Scientists at Lawrence Livermore National Laboratory have discovered how to help E. coli bacteria squirt out advanced biofuels, and the key is held by a pair of genes found in a soil-dwelling bacterium from a rainforest in Puerto Rico. The finding could enable the lab to shoot through a bottleneck that has been stumping researchers, who have been trying to figure out how to make E. coli survive a catch-22 in the biofuel production process.

For those of you keeping score at home the bacterium from Puerto Rico is Enterobacter lignolyticus, and if you’re wondering how this bug came across the lab’s radar out of all the other microbes in the world, that’s a good question.

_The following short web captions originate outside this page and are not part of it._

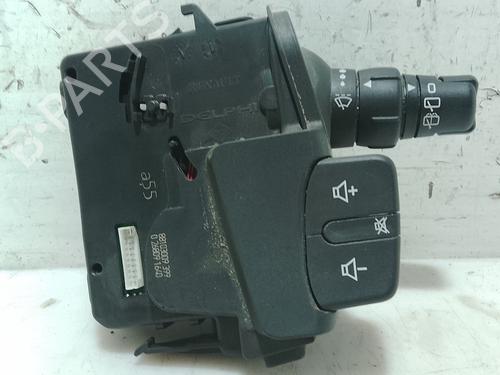 Used Steering column stalk Steering column stalk 38011383 38011383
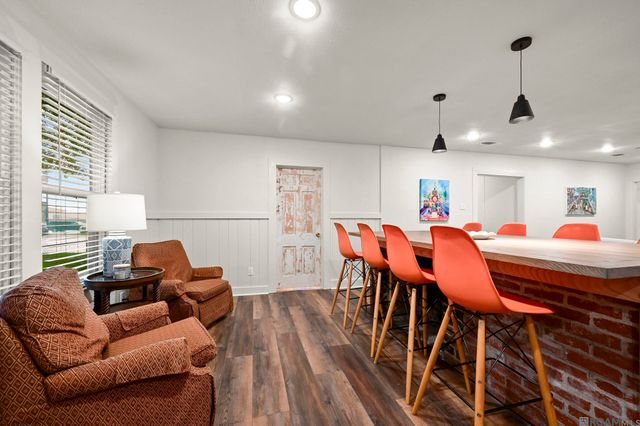 3724 Perkins, Baton Rouge, LA 70808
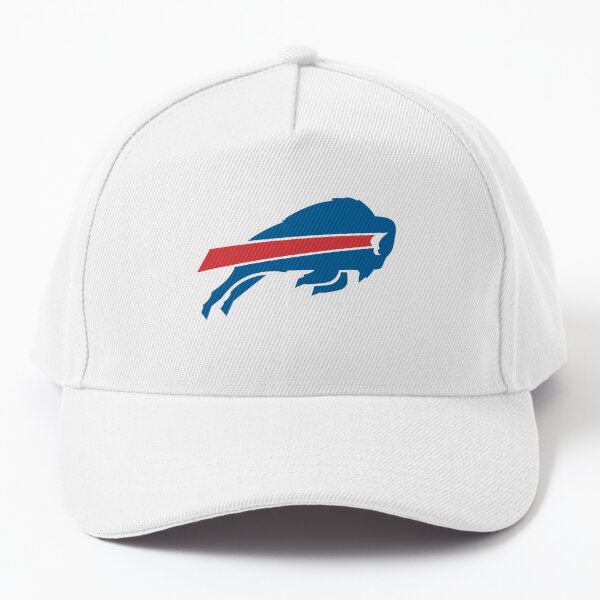 Buffalo Bills Pet Baseball Hat (All Sales Final) – Buffalo Barkery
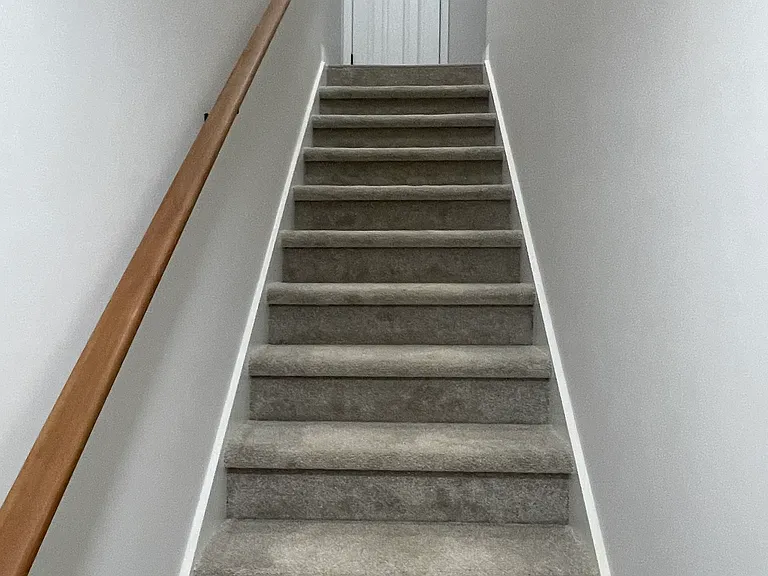 62 Twiggs Cor — Photo 9
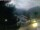 Webcam in Oberstdorf, 0.7 km entfernt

Rainforest soils are known as fertile harbors for microorganisms that can break down lignin (the tough outer walls of plant cells) in an anaerobic (oxygen-free) environment, and researchers poked around in rainforest soils until they found a likely prospect.

E coli biofuel breakthrough

E. coli biofuel breakthrough (cropped) courtesy of LLNL.

The E. Coli Biofuel Catch-22

Lawrence Livermore researchers have developed a biofuel strategy based on ionic liquids, which refers to salts in liquid form.

Ionic liquids are used to extract cellulose from biomass which is all well and good in terms cost-effectiveness for the initial stages of biofuel production,  but there’s a catch.

The bottleneck pops up when the next stage comes along, in which E. coli microbes are used to break down the cellulose into sugars. E. coli can convert those sugars into biofuels under certain conditions, but a salty environment is not optimal for strains native to the U.S.

To work around that you have to subject the cellulose to a series of washings before you get to the fermentation stage, and that of course increases the cost of the process.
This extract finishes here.